Accounts receivable refers to money owed to a business by its customers (debtors). Any customer with an outstanding account balance is considered a debtor.
These are customers from whom you expect to receive money, and are treated as a current asset.
Knowing who owes you money and being able to collect on that money in time is an important part of running a business.
Invoices and credits
An invoice is a commercial document issued to a customer detailing a transaction that occurs related to a sale. It lists the value of the transaction along with any tax applicable to the sale.
Customers must receive invoices to know how much money is owed.
Credits are the inverse of invoices, detailing a transaction related to a refund. Credit notes are typically issued to customers when the credit is being left on account - i.e. will be used against future invoices to reduce the money owed.

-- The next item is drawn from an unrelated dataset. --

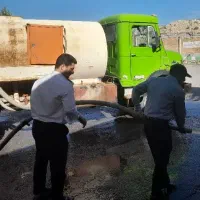 تانکر آب ۹۰۰۰ لیتری آماده به کار (دهلران)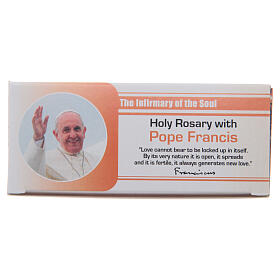 Rosenkranz Papst Franziskus mit Gebet auf Englisch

Credit terms, limits and account balances
Customers who pay on credit will have credit terms indicating when they need to repay invoices. They will also have credit limits, which display how much credit they can use before having to pay some of it back.
Broadly, the customer's account balance is the sum of all unpaid invoices, less the sum of open credits and on account payments.
It is an indicator of how much money the customer owes you. Monitoring the account balance compared to the customer's credit limit is an important part of debt management.
Accounts receivable/aged debtors report
The accounts receivable (or aged debtors) report can be found under Customers > Accounts receivable (or Customers > Aged debtors). It is a list of all customers with outstanding balances, with the balance broken down by age.
The report is intended to highlight which customers owe money, how much, and how long they've owed you for. Customers with older balances may need to be chased.